There will be something social about it, too. “If a person asks me something right now, I’m sure there are people two blocks away who can answer,” Allon notes.

But don’t mistake this for crowdsourcing: Urban Compass will have a “human network”, people employed by the company to go to urban areas to collect data. That data will be fed into a platform. Those data collectors, he says, “will be followed by machines that will be powered by our software.”

But if Urban Compass is going to help us find all sorts of useful local information one day, further questions now about how consumers will use this, or any more details, go nowhere fast.

The perfect storm

There’s been a lot written about the Series A (and B, C, and D) funding crunches. But when a startup comes along that appears to be a perfect storm of big idea and proven founders, money still materializes:

“Our investing is driven by backing great founders, and the team at Urban Compass is no exception,” notes Howery at Founders Fund. “Robert is one of the hardest working people I have ever met” — in addition to his banking background, Reffkin has trained for and run marathons in each of the 50 states for charity; and he runs a mentorship nonprofit in New York, which is how he met Allon. “Ori is an accomplished entrepreneur and engineer, who left a management position at Twitter [Allon was director of engineering based in New York] because he believed in this company so much. We also think they are helping solve a major pain point for a lot of people.”

It’s worth wondering whether, if there is less money going to later rounds of financing these days, we will see more large seed rounds like Urban Compass’s coming up. That’s not something Howery wants to discuss here, though.
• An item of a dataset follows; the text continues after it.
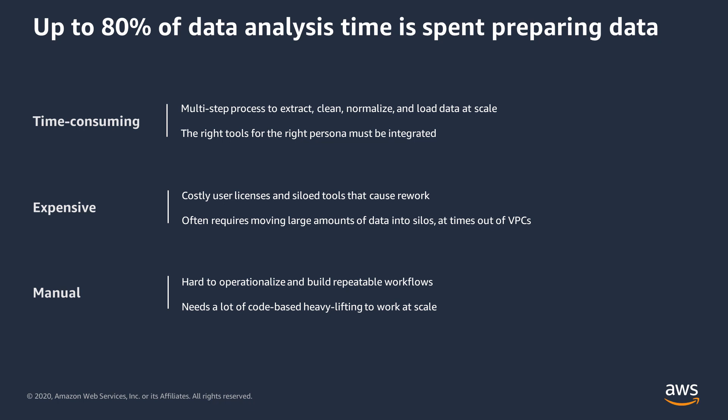Data preparation can take up to 80% of your data analysis time due to time-consuming, expensive, and manual or highly technical processes.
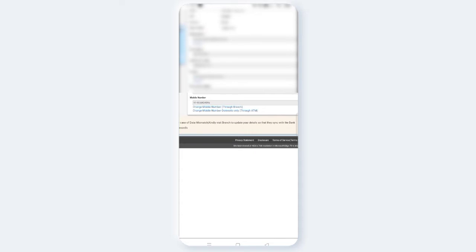If you have an option, you can change your mobile number. If you have two options, change mobile number through branch and domestic only through ATM. If you have one, you can select this section. If you have one, you can also select the branch. If you have two, you can select the box from ATM.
For him, the main point of a large seed round is not to offset possible fundraising difficulties down the line, but because there will be a need for early investment to follow through against larger competitors, including the need to hire top talent (there are currently 15 people working there).

Still, Allon and Reffkin know all too well that early rounds of money are not always a measure of success — recall Color — so they’re careful to explain why it is that they have raised as much as they have this early on.

Allon says that in his experience, it’s important to raise money early to “hire the right people to really run with your idea.” It’s a pattern for him — he also pulled off a sizeable round for Julpan, the company he eventually sold to Twitter — with backers for that startup including Microsoft.

But equally important as the actual value of the money is the group of people behind it. This, in fact, is the first time that Goldman Sachs and Founders Fund have invested together in a seed round, notes Reffkin, and it was done this way because of what each investor brings to the table. “We actually took funding from people who can be helpful to us.” Founders Fund brings entrepreneurial and scaling expertise; Goldman helps with operational expertise; and other backers “get us to the people we need to implement the product.” Plus, he notes, “I don’t want to raise more money in the near term.”

And while Allon has already had two successful exits under his belt, both made at relatively early stages for companies that were each no more than a year old (in fact Google bought Allon’s PhD thesis, in which he created a new search algorithm called Orion, before it was actually developed into a full-fledged company; that work eventually got incorporated into Google’s wider search algorithm), he is committed to Urban Compass for the long haul.

In Reffkin, who is not only a friend but has his own ties to nonprofit work that have counterbalanced his banker’s life, Allon may have found the perfect partner. “Since I finished by PhD (in 2006) I’ve been focused on improving search engines and real time search,” Allon says, “but making it embeddable in daily life, to actually improve our lives, is important for me.”